(Exercise prompt): For this task, retype the records below exactly.

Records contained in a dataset

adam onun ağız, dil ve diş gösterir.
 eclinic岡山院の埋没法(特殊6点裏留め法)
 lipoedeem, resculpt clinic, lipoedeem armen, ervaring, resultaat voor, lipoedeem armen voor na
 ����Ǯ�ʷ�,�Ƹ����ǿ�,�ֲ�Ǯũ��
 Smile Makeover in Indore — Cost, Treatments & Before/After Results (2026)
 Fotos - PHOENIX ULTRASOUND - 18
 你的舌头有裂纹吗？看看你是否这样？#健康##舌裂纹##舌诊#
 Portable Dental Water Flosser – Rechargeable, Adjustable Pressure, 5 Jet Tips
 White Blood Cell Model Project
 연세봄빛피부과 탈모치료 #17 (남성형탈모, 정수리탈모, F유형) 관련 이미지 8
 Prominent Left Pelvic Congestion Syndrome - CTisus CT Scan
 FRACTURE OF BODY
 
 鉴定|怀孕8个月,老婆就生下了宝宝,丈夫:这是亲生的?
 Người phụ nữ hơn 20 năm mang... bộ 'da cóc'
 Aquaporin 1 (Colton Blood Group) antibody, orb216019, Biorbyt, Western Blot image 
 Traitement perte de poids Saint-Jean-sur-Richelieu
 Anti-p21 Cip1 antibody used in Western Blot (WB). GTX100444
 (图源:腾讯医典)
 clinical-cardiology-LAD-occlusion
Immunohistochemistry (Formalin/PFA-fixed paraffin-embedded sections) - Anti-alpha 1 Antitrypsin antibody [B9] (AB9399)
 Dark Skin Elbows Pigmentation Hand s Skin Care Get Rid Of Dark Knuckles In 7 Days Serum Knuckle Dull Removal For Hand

(Completed exercise):
adam onun ağız, dil ve diş gösterir.
 eclinic岡山院の埋没法(特殊6点裏留め法)
 lipoedeem, resculpt clinic, lipoedeem armen, ervaring, resultaat voor, lipoedeem armen voor na
 ����Ǯ�ʷ�,�Ƹ����ǿ�,�ֲ�Ǯũ��
 Smile Makeover in Indore — Cost, Treatments & Before/After Results (2026)
 Fotos - PHOENIX ULTRASOUND - 18
 你的舌头有裂纹吗？看看你是否这样？#健康##舌裂纹##舌诊#
 Portable Dental Water Flosser – Rechargeable, Adjustable Pressure, 5 Jet Tips
 White Blood Cell Model Project
 연세봄빛피부과 탈모치료 #17 (남성형탈모, 정수리탈모, F유형) 관련 이미지 8
 Prominent Left Pelvic Congestion Syndrome - CTisus CT Scan
 FRACTURE OF BODY
 
 鉴定|怀孕8个月,老婆就生下了宝宝,丈夫:这是亲生的?
 Người phụ nữ hơn 20 năm mang... bộ 'da cóc'
 Aquaporin 1 (Colton Blood Group) antibody, orb216019, Biorbyt, Western Blot image 
 Traitement perte de poids Saint-Jean-sur-Richelieu
 Anti-p21 Cip1 antibody used in Western Blot (WB). GTX100444
 (图源:腾讯医典)
 clinical-cardiology-LAD-occlusion
Immunohistochemistry (Formalin/PFA-fixed paraffin-embedded sections) - Anti-alpha 1 Antitrypsin antibody [B9] (AB9399)
 Dark Skin Elbows Pigmentation Hand s Skin Care Get Rid Of Dark Knuckles In 7 Days Serum Knuckle Dull Removal For Hand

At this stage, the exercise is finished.